§ WHAT YOU HAVE TO DO:
Leave out the pictures, and quote exactly the lines running from the one with "A white enamel" through the last line of the entries below.

[Short descriptive text snippets]
══════════
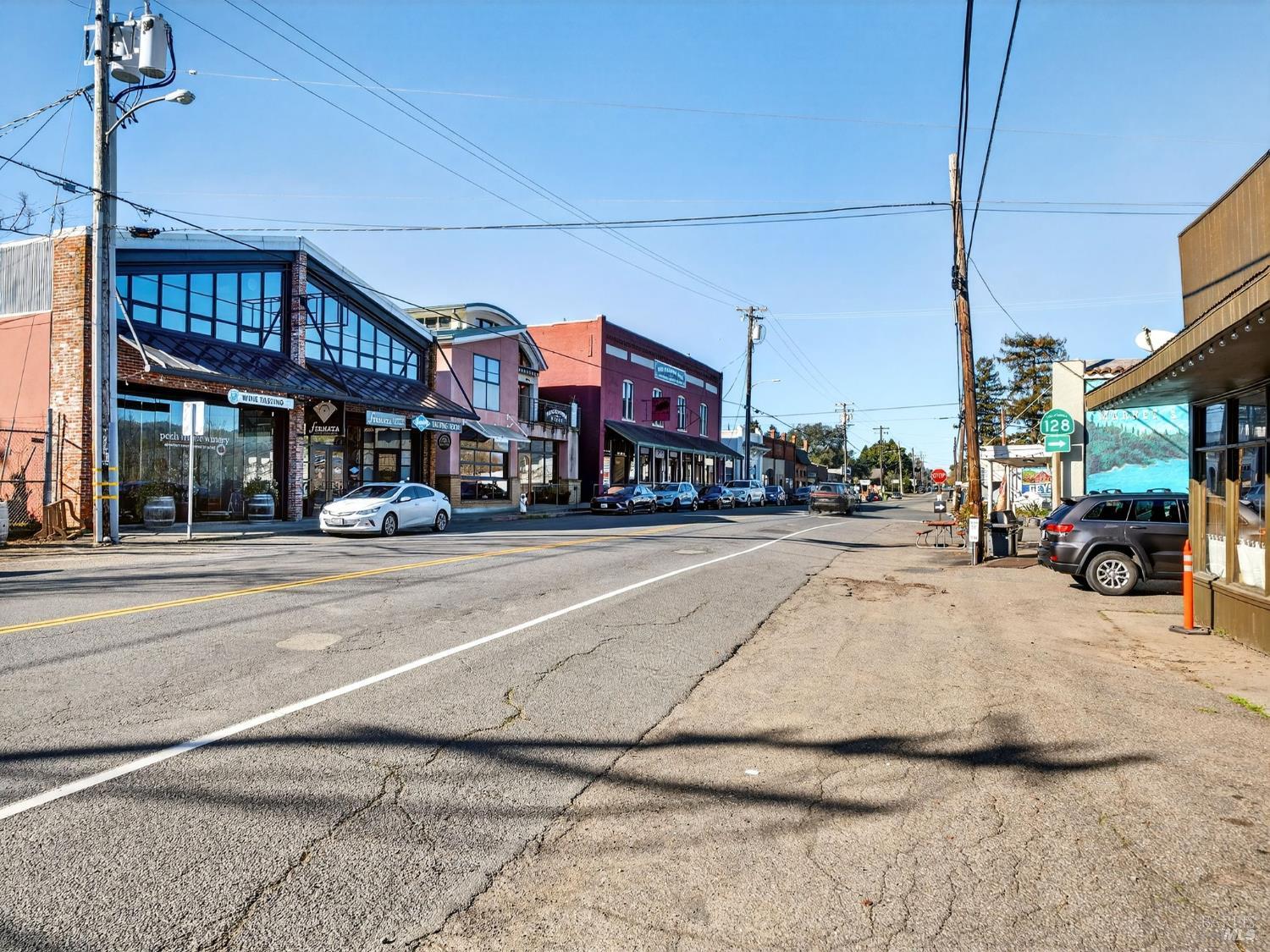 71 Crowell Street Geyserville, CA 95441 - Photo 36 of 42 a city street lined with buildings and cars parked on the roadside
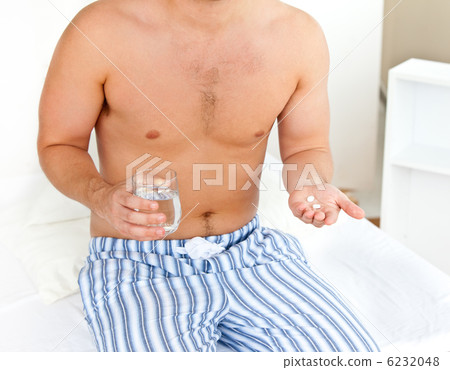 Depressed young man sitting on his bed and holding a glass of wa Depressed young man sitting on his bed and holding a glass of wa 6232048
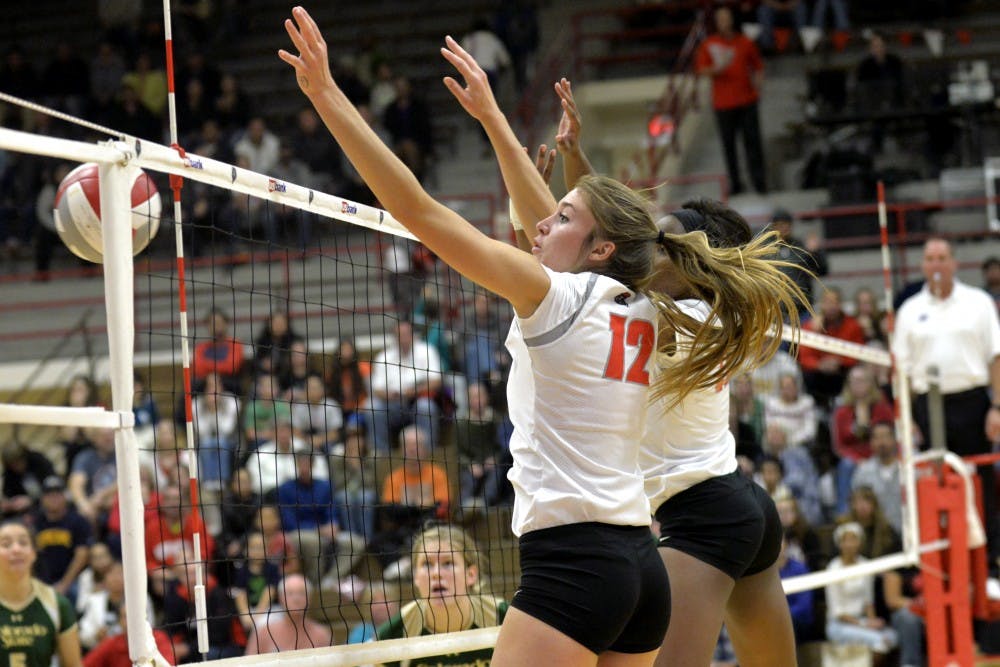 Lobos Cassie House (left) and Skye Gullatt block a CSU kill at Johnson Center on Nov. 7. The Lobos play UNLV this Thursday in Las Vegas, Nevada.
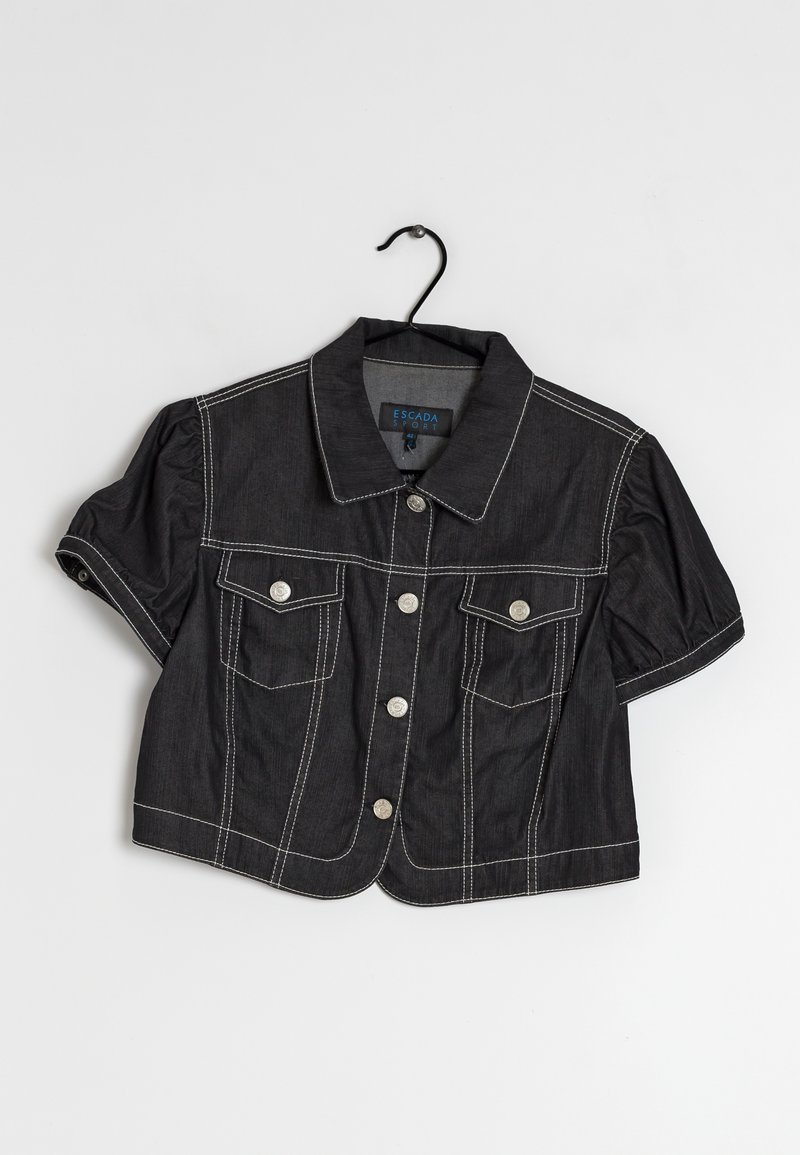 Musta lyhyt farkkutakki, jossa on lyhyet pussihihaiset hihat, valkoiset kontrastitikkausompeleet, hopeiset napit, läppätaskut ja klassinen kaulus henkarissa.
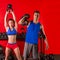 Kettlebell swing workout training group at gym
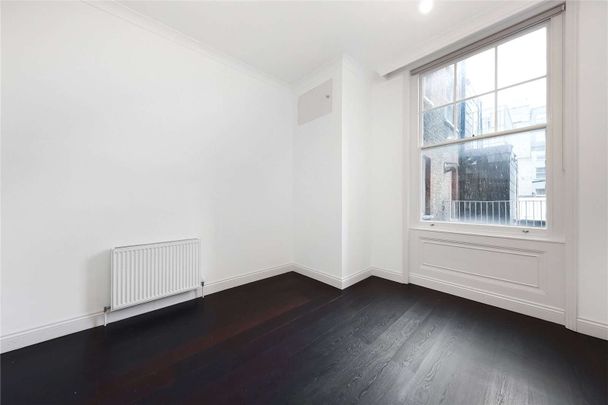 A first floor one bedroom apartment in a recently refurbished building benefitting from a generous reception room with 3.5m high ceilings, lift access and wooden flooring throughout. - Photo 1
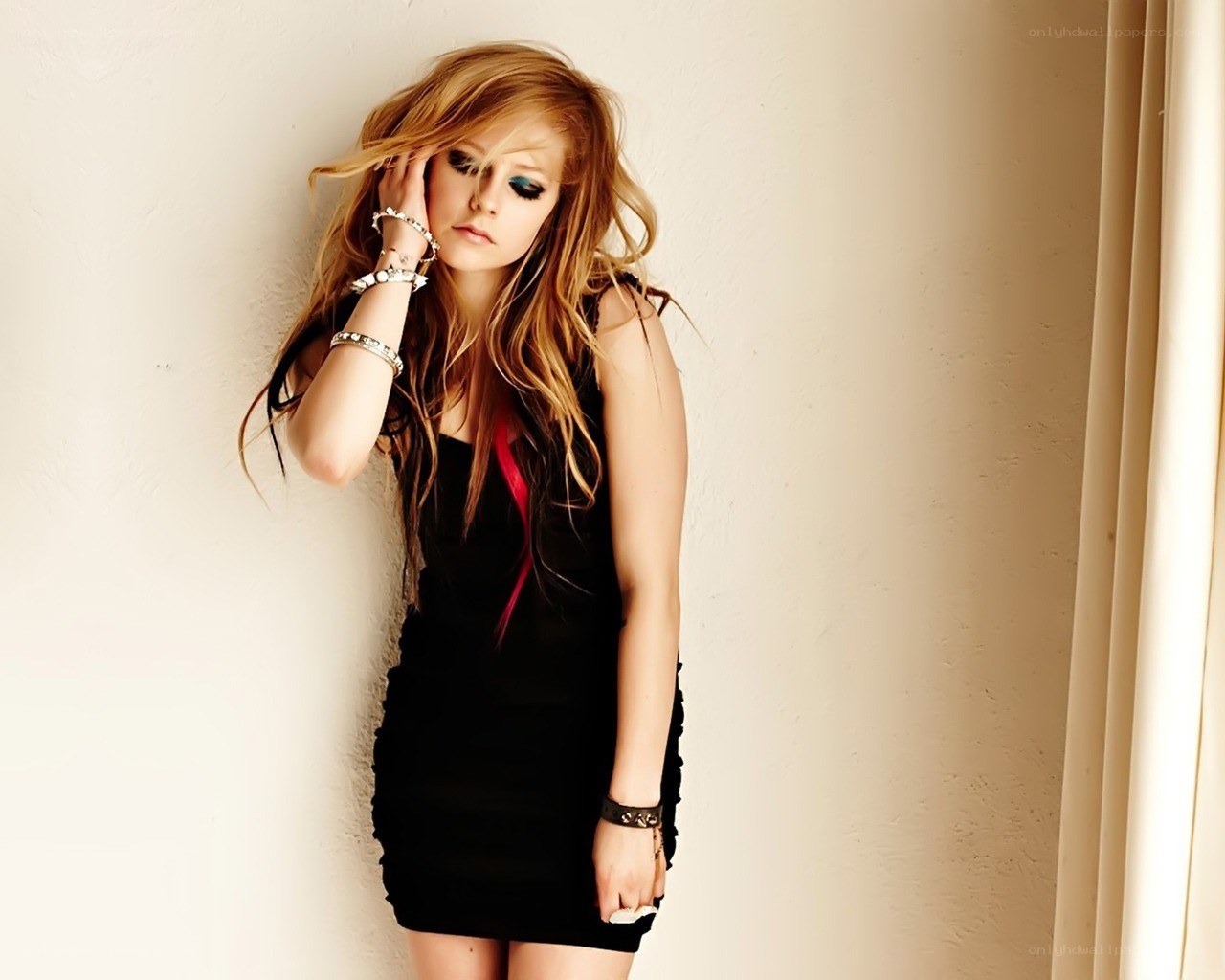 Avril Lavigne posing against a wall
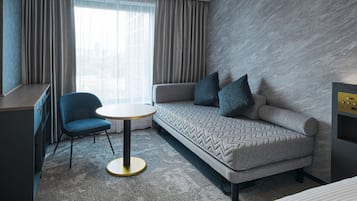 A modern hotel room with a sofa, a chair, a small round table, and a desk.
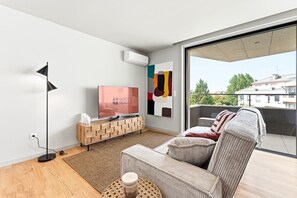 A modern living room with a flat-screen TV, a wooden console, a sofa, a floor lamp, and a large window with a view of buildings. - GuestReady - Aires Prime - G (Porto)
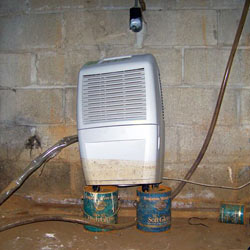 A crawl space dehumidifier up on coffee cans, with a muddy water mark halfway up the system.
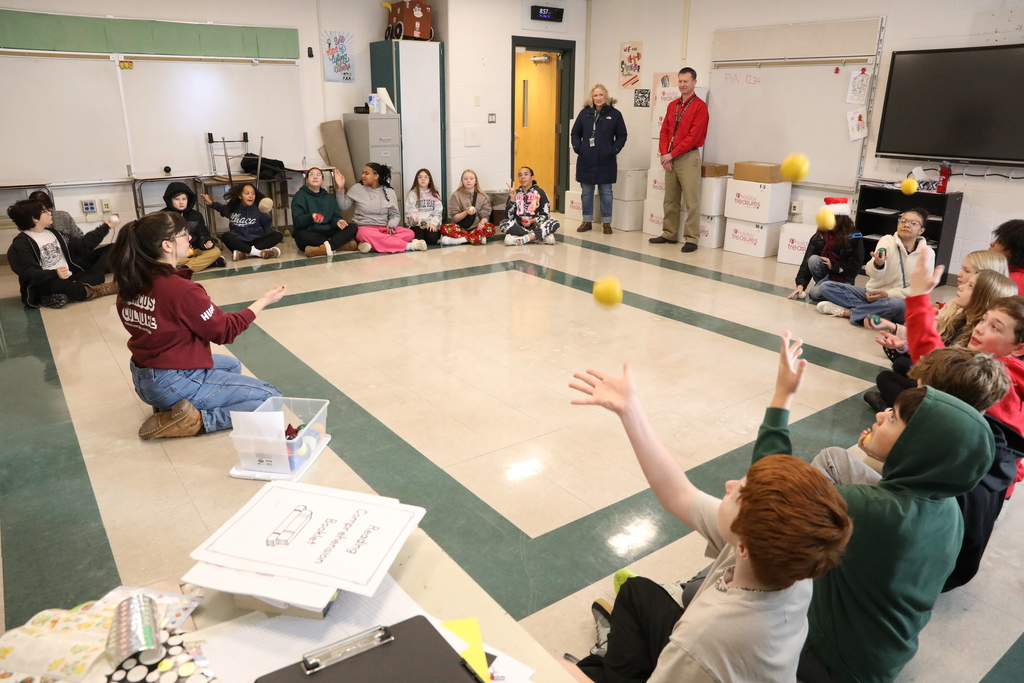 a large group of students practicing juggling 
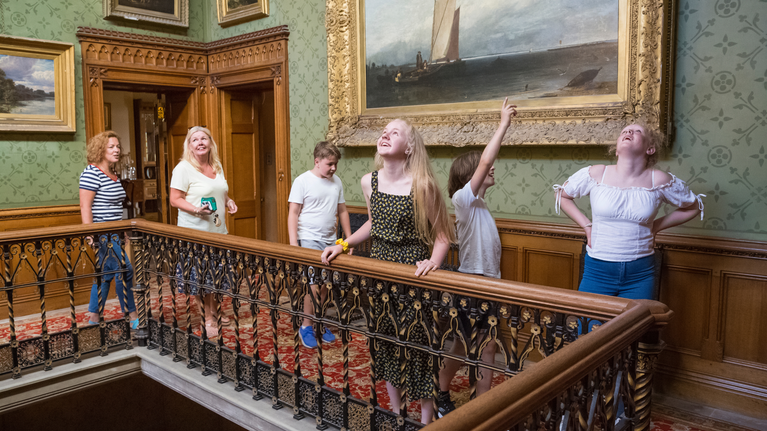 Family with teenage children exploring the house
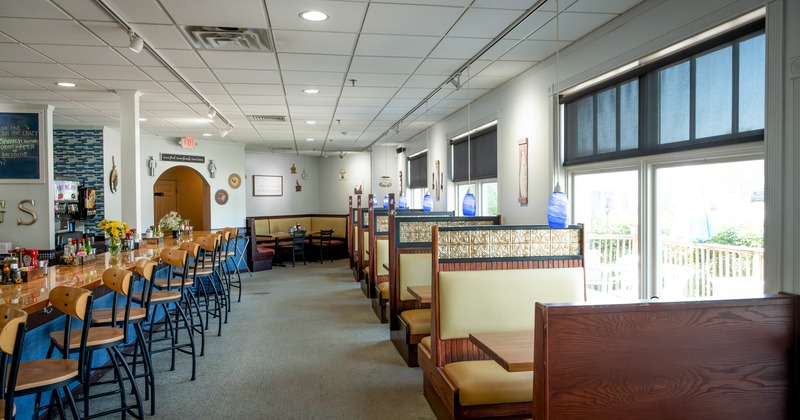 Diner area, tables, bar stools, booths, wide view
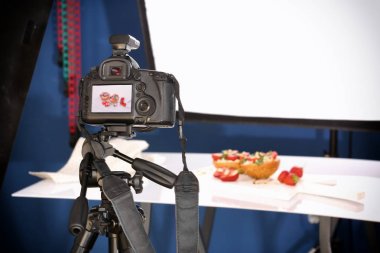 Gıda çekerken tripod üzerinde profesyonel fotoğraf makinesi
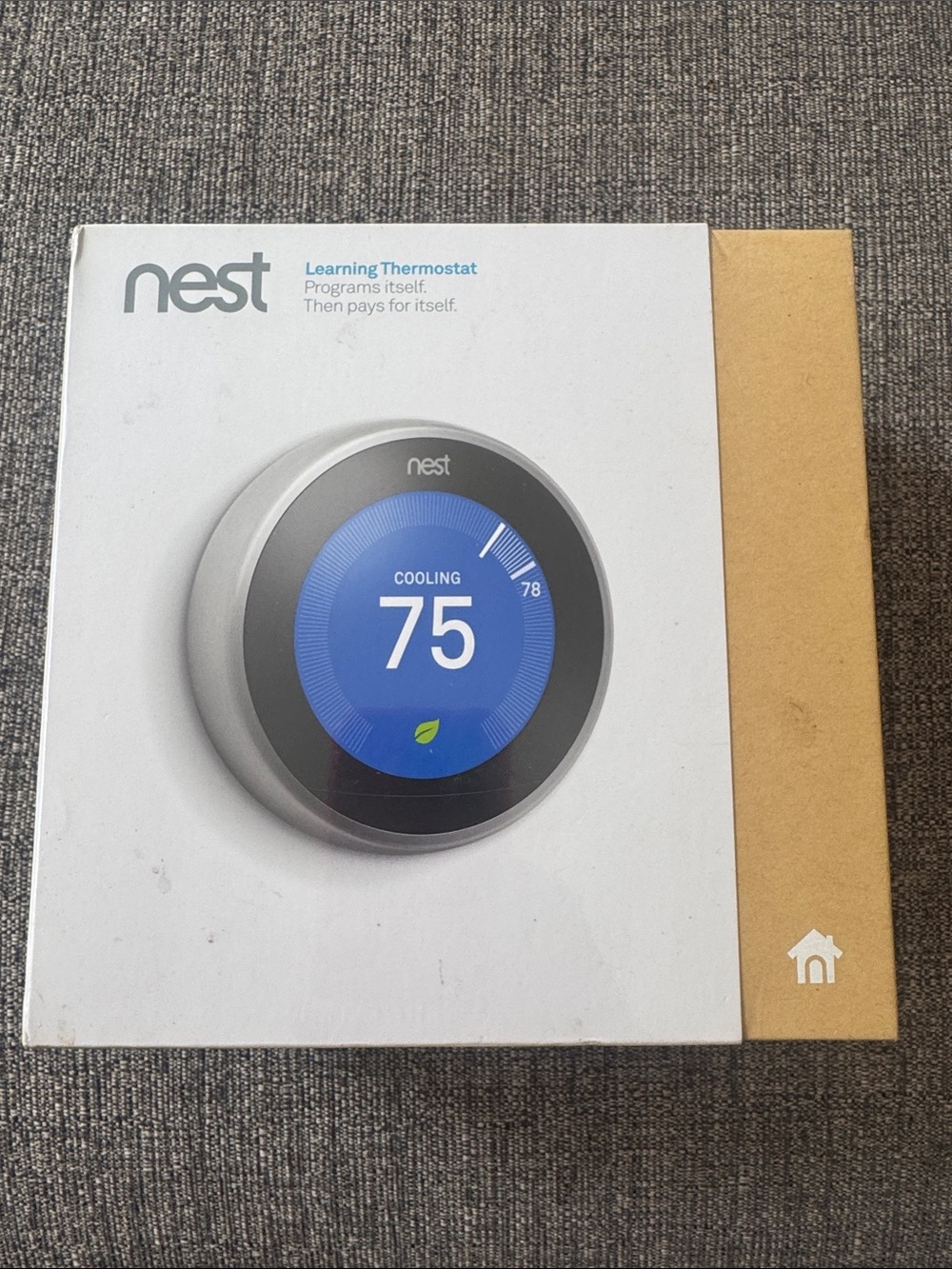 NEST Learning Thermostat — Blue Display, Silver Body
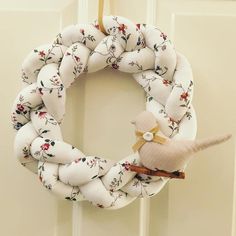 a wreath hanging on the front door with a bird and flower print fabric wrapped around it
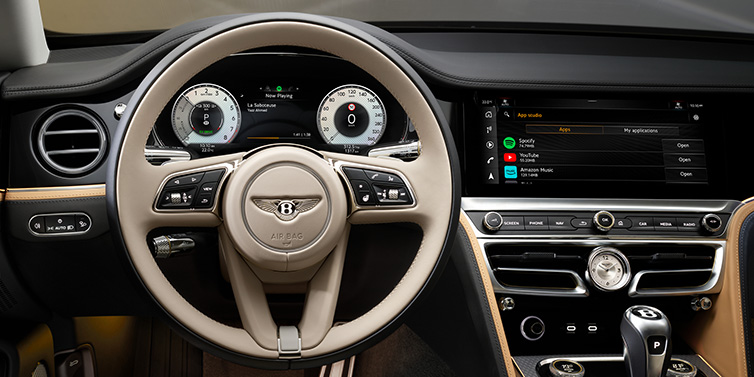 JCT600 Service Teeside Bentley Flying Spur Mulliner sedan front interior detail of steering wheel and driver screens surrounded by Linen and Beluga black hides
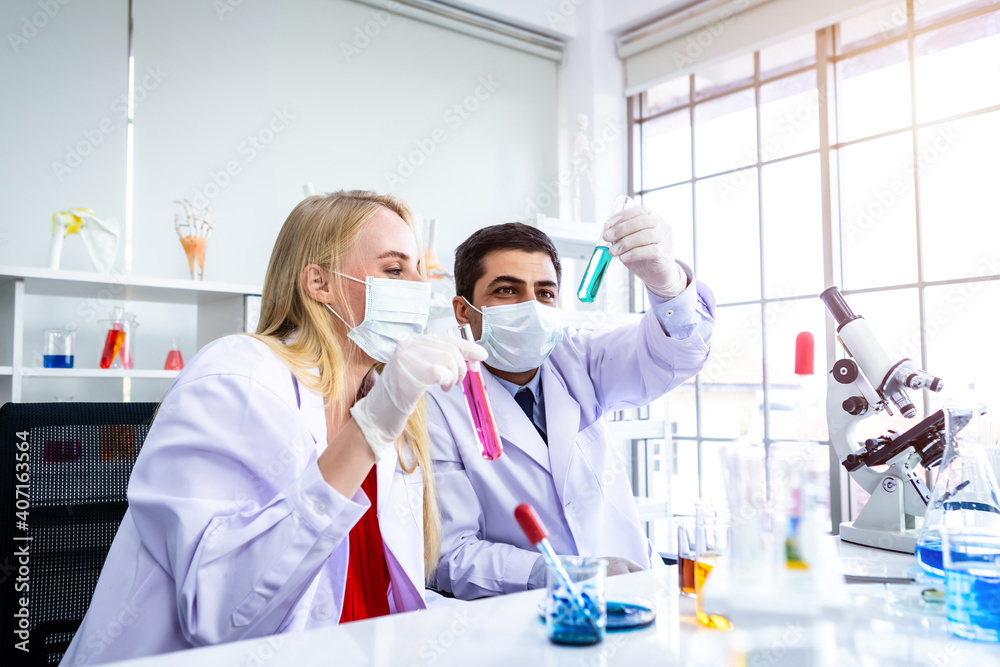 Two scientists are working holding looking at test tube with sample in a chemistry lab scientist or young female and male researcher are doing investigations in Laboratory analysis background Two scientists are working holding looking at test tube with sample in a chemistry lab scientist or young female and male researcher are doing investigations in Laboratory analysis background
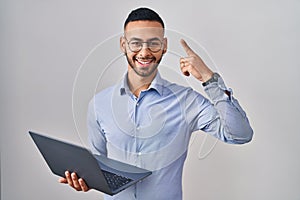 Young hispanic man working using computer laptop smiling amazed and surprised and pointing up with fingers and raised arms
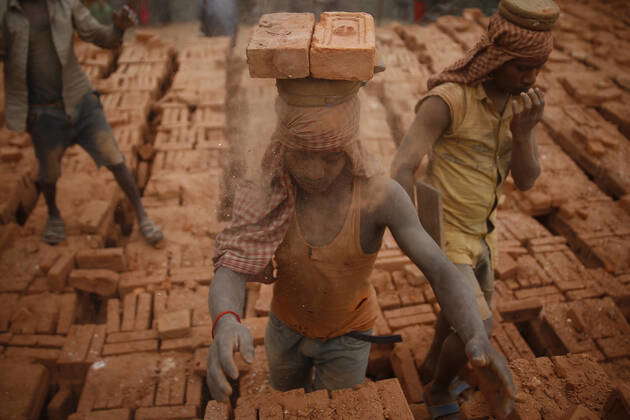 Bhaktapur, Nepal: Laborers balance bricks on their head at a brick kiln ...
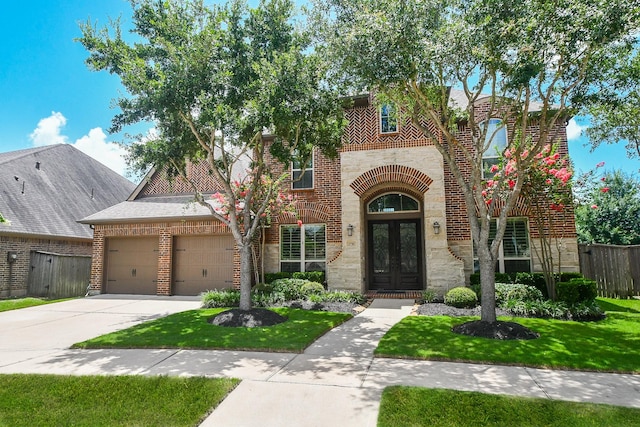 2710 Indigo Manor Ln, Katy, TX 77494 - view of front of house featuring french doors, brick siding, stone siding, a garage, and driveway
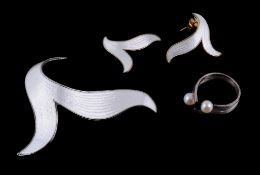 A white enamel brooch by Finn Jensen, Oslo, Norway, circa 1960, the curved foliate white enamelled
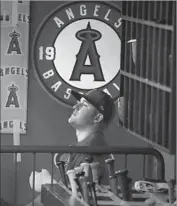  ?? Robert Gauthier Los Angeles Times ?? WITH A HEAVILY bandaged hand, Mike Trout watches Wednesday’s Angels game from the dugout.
══════════
§ RESPONSE BOX:
 A white enamel brooch by Finn Jensen, Oslo, Norway, circa 1960, the curved foliate white enamelled
  ?? Robert Gauthier Los Angeles Times ?? WITH A HEAVILY bandaged hand, Mike Trout watches Wednesday’s Angels game from the dugout.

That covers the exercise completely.